Task item → Reproduce, without alteration, every line of the data; exclude the images.
*** Exercise data
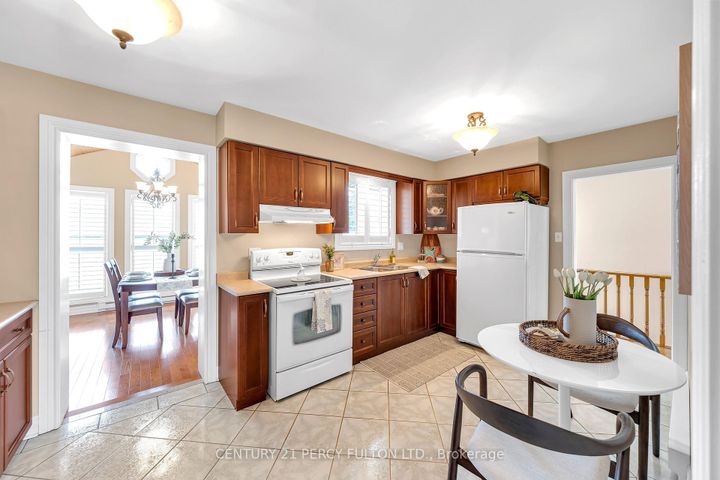 Photo 12 at 2553 Stillmeadow Road, Cooksville, Mississauga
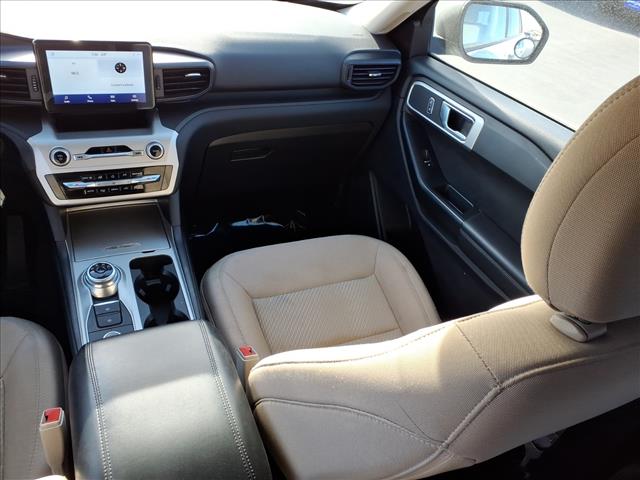 2022 Ford Explorer Base:6382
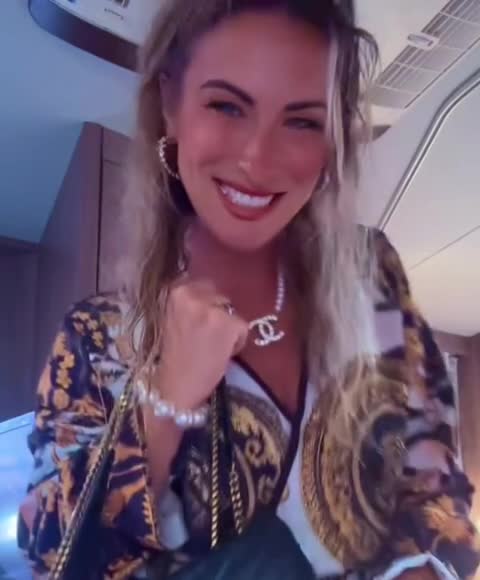 Laetitia, fondatrice de Popup Live Store, souriante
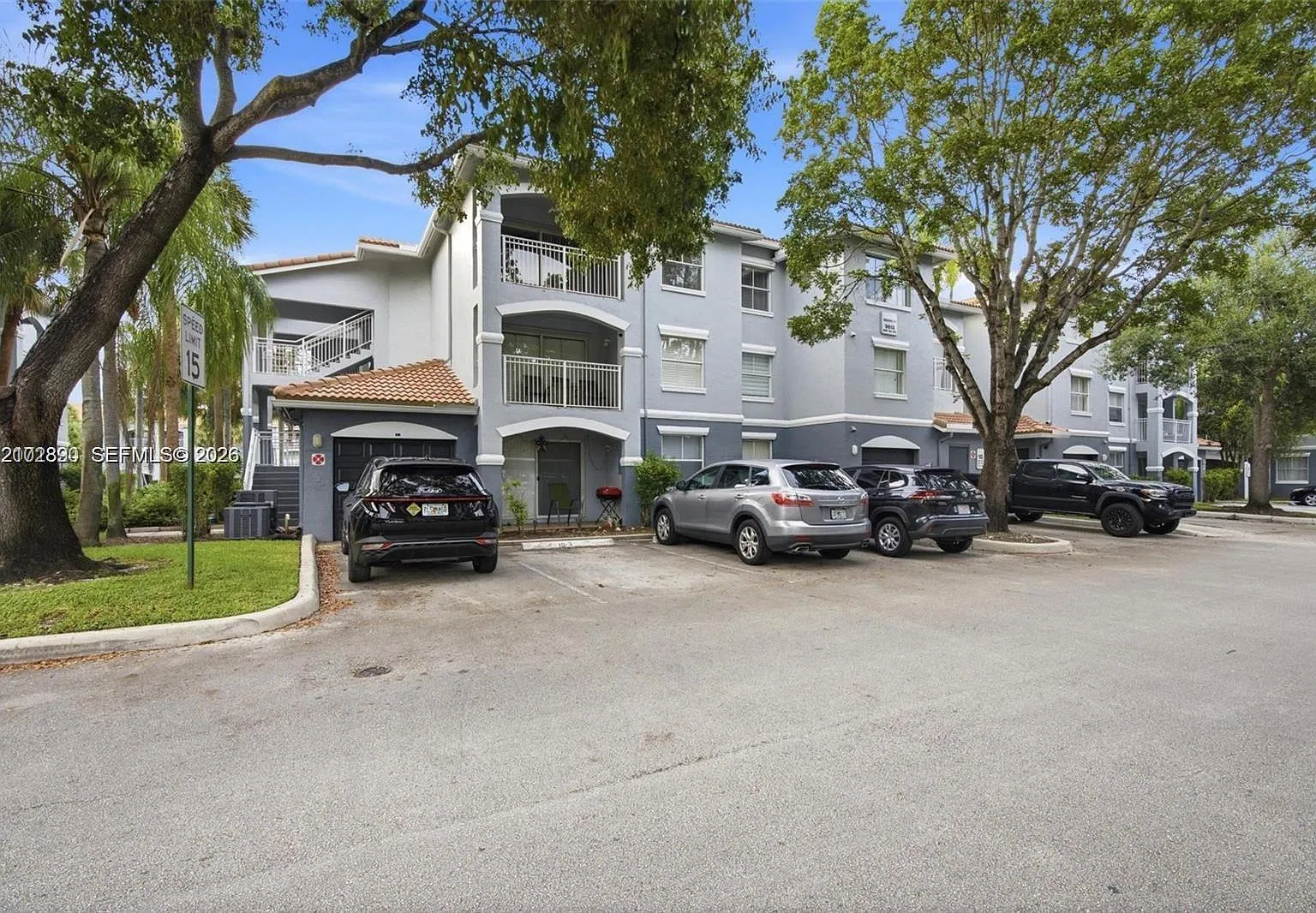 La Via Condo — Photo 3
******
Worked solution →
 Photo 12 at 2553 Stillmeadow Road, Cooksville, Mississauga
 2022 Ford Explorer Base:6382
 Laetitia, fondatrice de Popup Live Store, souriante
 La Via Condo — Photo 3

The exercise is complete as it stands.